A standard NLP preprocessing was applied. Details are as below...
- Converted to lowercase
- Removed HTML symbols, punctuations, digits, links, mentions
- Any words that can bias the results removed (e.g. brand, product, event names)
- Lemmatized using WordNetLemmatizer
- Tokenized
In order to reduce overall dimensions, similarities between low frequency words and other words were computed and low-frequency words were replaced with the most similar word if their cosine similarity was above .8.
Additionally, the percentage of capitalized characters, a number of exclamation points, question marks, links, mentions, tags were computed for additional analysis.
Both sensitivity and precision are equally important in our business case, so I used f1-score as our evaluation metrics. I took the macro-average across all classes, as we have pretty significant class imbalance.
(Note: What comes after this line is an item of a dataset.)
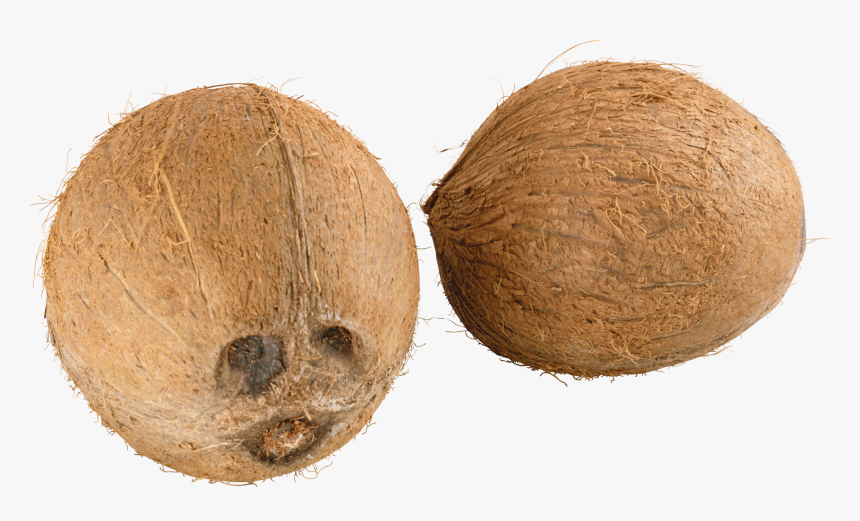 Coconut Png, Transparent Png, Free Download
Largely I used the Bag of Words approach and the deep learning approach. For the Bag of Words models, I calculated the simple count vectors and TF-IDF vectors and ran it through the Naive Bayes and SVM. For deep learning approach, an LSTM model was tested with and without the GloVe word embedding weights (pretrained 200d Twitter data). Lastly BERT with PyTorch (on Google Colab) was tested.
Model | Accuracy | Macro_F1 | Cohen's Kappa |
---|---|---|---|
Baseline | 0.48 | 0.34 | 0.01 |
Count Vectors + Naive Bayes | 0.55 | 0.45 | 0.21 |
Count Vectors + SVM | 0.61 | 0.49 | 0.26 |
TF-IDF + Naive Bayes | 0.55 | 0.47 | 0.24 |
TF-IDF + SVM | 0.61 | 0.46 | 0.25 |
LSTM + GloVe | 0.68 | 0.46 | 0.32 |
LSTM + GloVe iteration | 0.63 | 0.50 | 0.29 |
BERT (PyTorch) | 0.67 | 0.48 | 0.31 |
Overall performance was not yet optimal. Generally the model sacrificed great deal of accuracy, trying to capture the minority class (negative emotion). The current approach will improve with more data especially with the negative emotion.
Layer (type) | Output Shape | Param # |
---|---|---|
embedding_28 (Embedding) | (None, 19, 200) | 600000 |
dropout_19 (Dropout) | (None, 19, 200) | 0 |
lstm_28 (LSTM) | (None, 200) | 320800 |
dense_50 (Dense) | (None, 200) | 40200 |
dense_51 (Dense) | (None, 3) | 603 |
Final model showed overll 63% of accuracy with Cohen's Kappa of 0.29 and .50 macro-average F1-score.
Looking at the Shapley value shows that words that contribute the most to negative emotion is rather ambiguous at this point.
As discussed above, current model has a high variance issue due to small amount of negative emotion data. Collecting more data will improve our model further.